Lever began placing interns with Berkshire employers in 2018, and two recent expansions to the program, Berkshire Entry and I2P2, the company’s Inclusive Internship Preparation Program, are designed to bring more qualified and diversified talent into the local workforce.

Berkshire Entry markets full-time entry jobs to college seniors. I2P2, designed by Lever Workforce Programs Manager Jade Schnauber, is designed to bring more members of underrepresented minority groups to the Berkshires in order to diversify the local workforce.

Lever started both initiatives before the coronavirus pandemic hit, but Thomas believes that they might be more relevant now, given the current economic circumstances.

“We do think that employers should be looking more strongly at internships as a way to build their employee pipeline,” Thomas said. “We think, given the shortage that we see right now, it’s a better idea than ever.”

Berkshire Interns makes sense for smaller companies that are trying to fill staff shortages and do not have the hiring resources that some of Berkshire County’s bigger employers do, Thomas said.

“A company that doesn’t need Berkshire Interns much is General Dynamics,” Thomas said. “But, companies like LTI [Smart Glass] or Cord Master or Boyd Technologies, these are smaller companies that don’t have the resources to recruit [college] students on campuses themselves. We’ve built a whole infrastructure that has been effective in getting students on campus.”

Berkshire Interns placed 25 college students in internships last summer, and it hopes to place at least 35 this year and could “easily handle 45,” according to Schnauber.

Ten members of the Berkshire Interns program have found full-time jobs in the Berkshires since Lever began the initiative four years ago, according to Schnauber, who is one of them.

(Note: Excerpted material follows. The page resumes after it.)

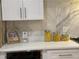 This kitchen features bright counters, attractive jars, and white cabinets at 541 Earlvine Nw Way, Kennesaw, GA 30152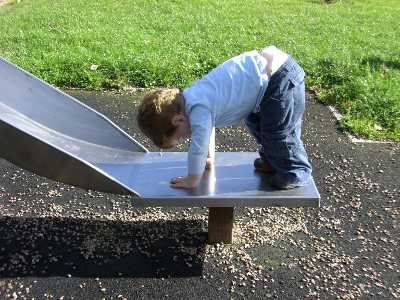 Isaac on a slide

Schnauber, a Pittsfield native who once served as a ski instructor at Bousquet Mountain Ski Area, interned at Lever in summer 2018 and summer 2019, while attending the Massachusetts College of Liberal Arts, before landing a full-time position with the company. She graduated from MCLA in 2020, with a degree in sociology. Many of the participants haven’t found full-time employment yet because they are attending school, Thomas said.

Berkshire Interns Photo 2

Berkshire Bank Supervisor Katie Kirby reviews financial spreadsheets with Enrique Bouvier, a member of Lever's Berkshire Interns program. Ten members of the program have found full-time jobs in the Berkshires since Lever began the initiative four years ago, according to Lever Workforce Programs Manager Jade Schnauber, who is one of them.

MountainOne Financial Partners has participated in the Berkshire Interns program since it began and is helping to finance the I2P2 initiative, according Kelli Kozak, the company’s vice president of community engagement. One former MountainOne intern, Avril Levesque, is now Lever’s communications manager. Kozak referred to Lever’s Berkshire Interns program as a “good fit” for local employers.

“They have a really wide reach for recruiting, which has been really helpful,” Kozak said. “They show Berkshire-based students opportunities that are in the Berkshires, and they’re also bringing in students from out of the area to show what the opportunities are in the Berkshires, which is great.

“I’ve been part of the training program that they do ... roundtables and panels and training, and that’s been super helpful,” she said.

Berkshire Interns is available to students in more than 140 colleges across the country, with the priority placed on schools located on the East Coast. According to Thomas, two-thirds of the students who have received internships during the program’s first four years originally are from Berkshire County, but many who do not have local ties have applied.

The I2P2 internship program that Schnauber founded is entering its second year. It is targeted toward members of underrepresented communities, such as people of color or the LGBT community. Schnauber thought it would be a good idea to form a program that would target those communities, in order to give them chances at internships that they might never have known existed.

“I think any program that supports diversity, equity, inclusion and belonging is great,” Kozak said.